A court in Indonesia has sentenced to death two men convicted of the September 2004 bombing of the Australian embassy in Jakarta. Eleven people were killed, including a young mother. Some one-hundred-eighty others were wounded in the bombing. The bombing was carried out by a suicide terrorist who drove a delivery van packed with almost a ton of explosives to the embassy where it was detonated.
Iwan Darmawan was found guilty of handling the funding of the attack and surveying the target. Achmad Mohamed Hassan was convicted of providing shelter to those who conceived the plot, Malaysians Azahari bin Husin and Noordin Mohammed Top. Both Husin and Top are still at large.
According to news reports, the attack against the Australian embassy was paid for by al-Qaida leader Osama bin Laden and carried out by its Indonesian affiliate, Jemaah Islamiyah. Jemaah Islamiyah seeks to establish an extremist Islamic state in southeast Asia covering the territory of Indonesia, Malaysia, Singapore, and southern portions of Thailand and the Philippines.

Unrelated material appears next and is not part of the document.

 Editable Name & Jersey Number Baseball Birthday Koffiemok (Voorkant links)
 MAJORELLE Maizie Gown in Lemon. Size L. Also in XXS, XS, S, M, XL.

Jemaah Islamiyah was also responsible for the October 2002 terrorist bombing in Bali, Indonesia, which killed more than two-hundred people. Among the dozens of other Jemaah Islamiyah attacks in Indonesia in recent years was the August 2003 bombing of the Marriott Hotel in Jakarta, in which twelve Indonesians died.
Indonesian authorities have arrested more than one-hundred-sixty people in connection with these terrorist attacks and convicted more than one-hundred. President George W. Bush said that Indonesia's success in fighting terrorism is related to its success as a pluralistic and democratic country:
"America believes that freedom and democracy are critical to defeating terror because free nations that respect human rights do not breed hatred, resentment, and the ideologies of murder. And the United States strongly supports a healthy democracy in Indonesia."
"Indonesia is a vital partner," said Mr. Bush. The U.S. and Indonesia, he says, "share a commitment to democracy."
The preceding was an editorial reflecting the views of the United States Government.